Many public sector institutions lack the technical knowledge or organisational will to adopt these policies effectively. Cybersecurity roles are often not clearly defined. Audits are rare. There are no concrete consequences for non-compliance. Incident response plans are either outdated or non-existent, and in many cases, breaches go unreported, swept under the rug to avoid scrutiny.
This gap between policy and practice creates a situation where we look secure on paper but are exposed in reality. And cybercriminals are exploiting that reality every day.
As a cybersecurity educator and threat intelligence analyst, I witness time and again how preventable most data breaches are. Many of the attacks we investigate could have been prevented with simple, foundational controls: strong passwords, timely software updates, proper network segmentation, and real-time monitoring.

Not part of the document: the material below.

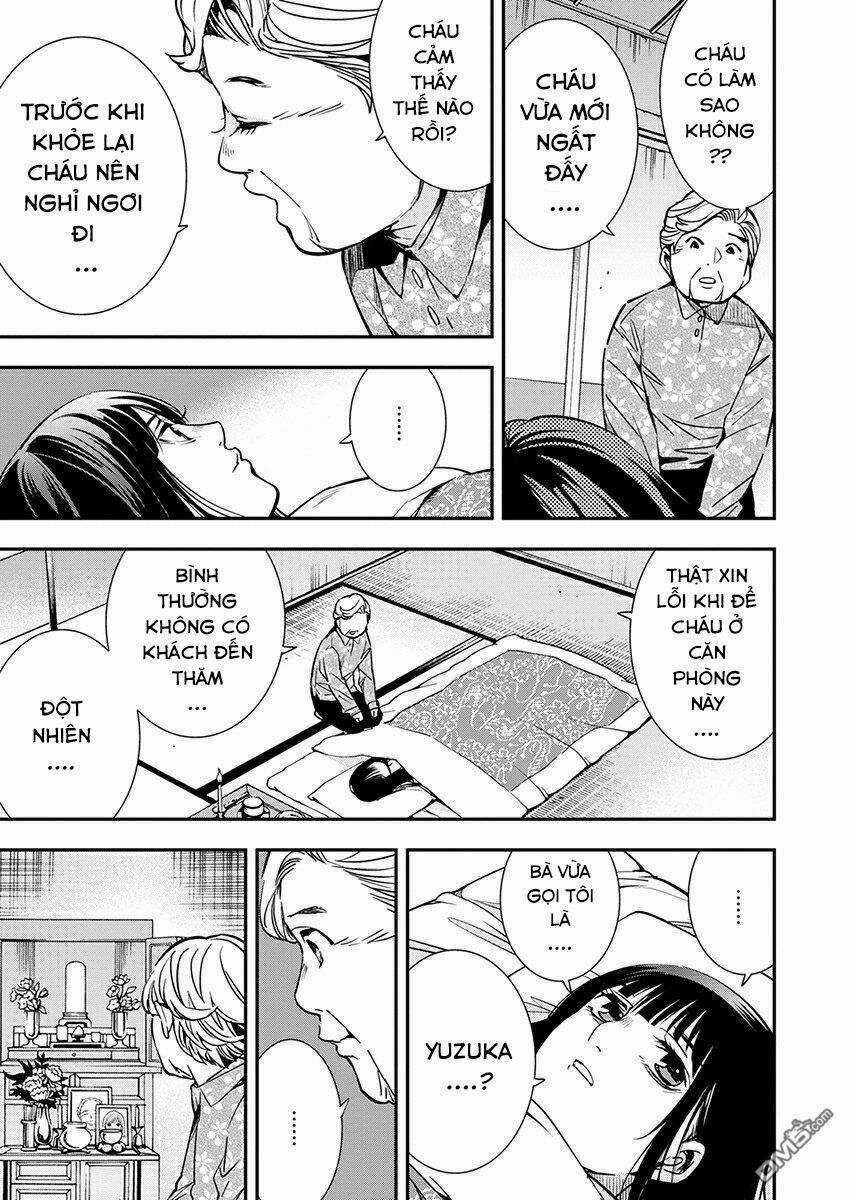 Nước Mắt Của Chúa : Kill Logger Chapter 10 trang 6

But these controls do not implement themselves. They require leadership at the highest levels of government. Ministers, governors, agency heads, and permanent secretaries must treat cybersecurity as a strategic priority, not just a technical issue delegated to their IT departments.
Leadership must be accountable for digital risks just as they are for financial, political, or legal ones. Without that top-level buy-in, no amount of technical advice or policy paper will make a notable difference.

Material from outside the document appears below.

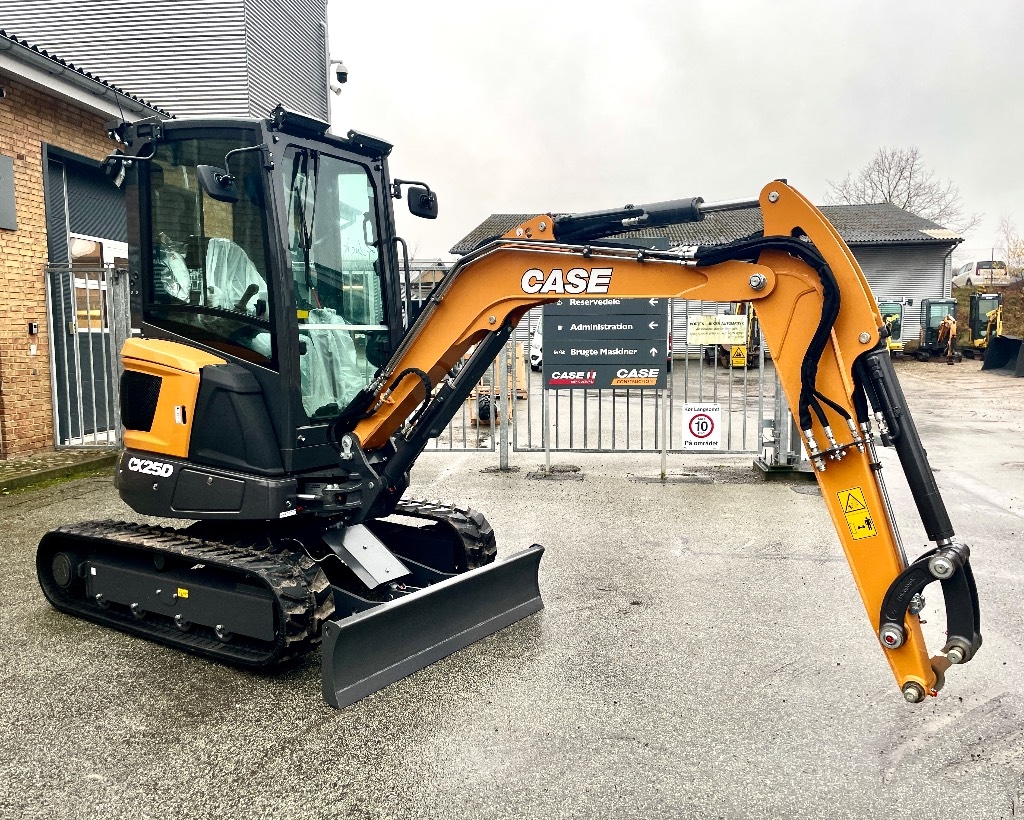 CASE CX 25 D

To secure Nigeria’s digital future, the following actions must be taken urgently and decisively:
- Mandate cybersecurity compliance for all government institutions, with regular independent audits and publicly disclosed results.

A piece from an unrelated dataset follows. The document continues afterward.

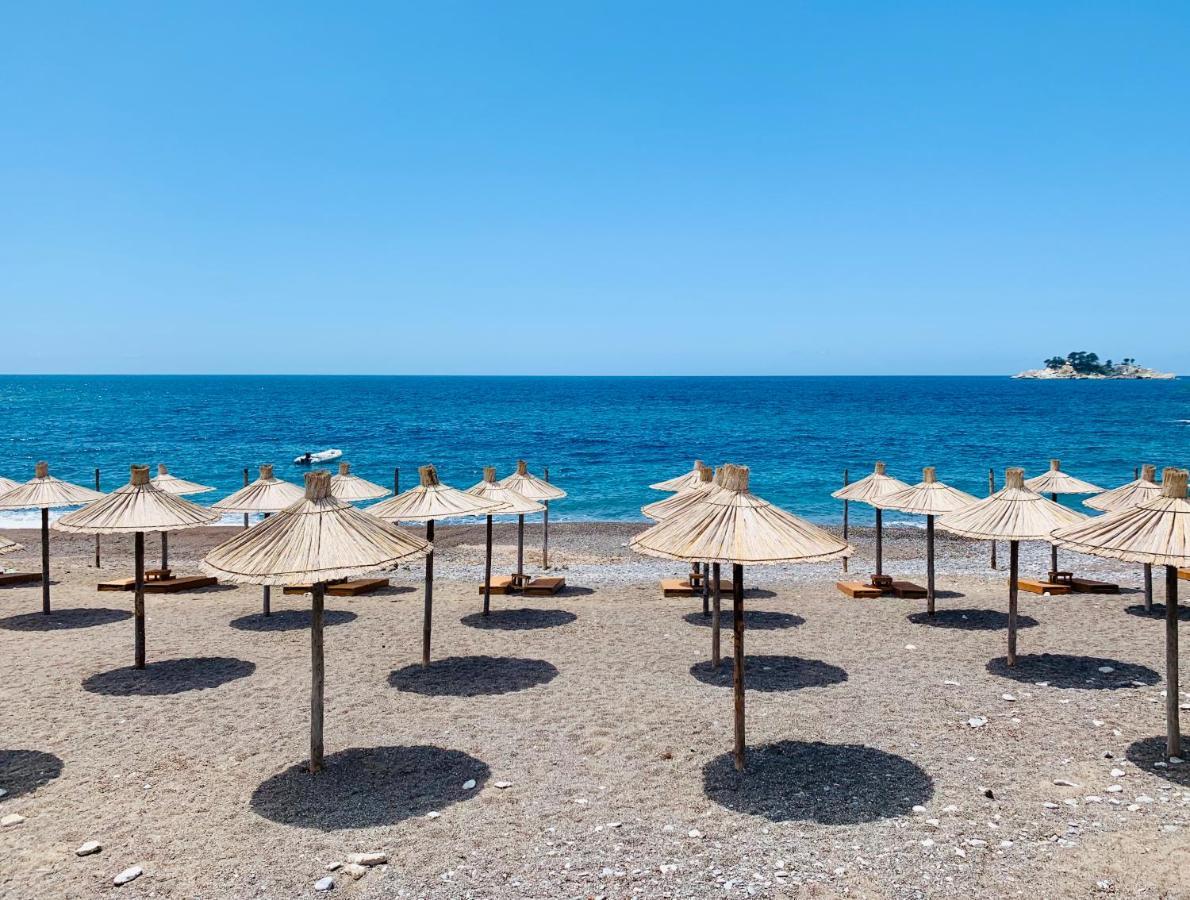 Best View Apartment Petrovac מראה חיצוני תמונה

- Build internal capacity by hiring skilled cybersecurity professionals into government agencies and offering continuous training to civil servants.
- Fund cybersecurity properly. Each agency should have a clear cybersecurity budget, not vaguely included in general IT budgets or overlooked entirely.
- Develop and test incident response plans. Every institution must know what to do in the event of a breach, and tabletop exercises should be conducted regularly.
- Partner with the cybersecurity community. Ethical hackers, researchers, and threat intelligence analysts can offer invaluable insights if the government is willing to listen.
- Hold leadership accountable. When breaches happen due to negligence, there must be consequences, not just press releases.
The digital age offers Nigeria immense opportunities, which come with corresponding risks. As we continue to build our digital governance infrastructure, we must remember that every system we create is a potential target. The solution is not to slow down digital transformation but to embed cybersecurity at every stage from planning and procurement to deployment and maintenance.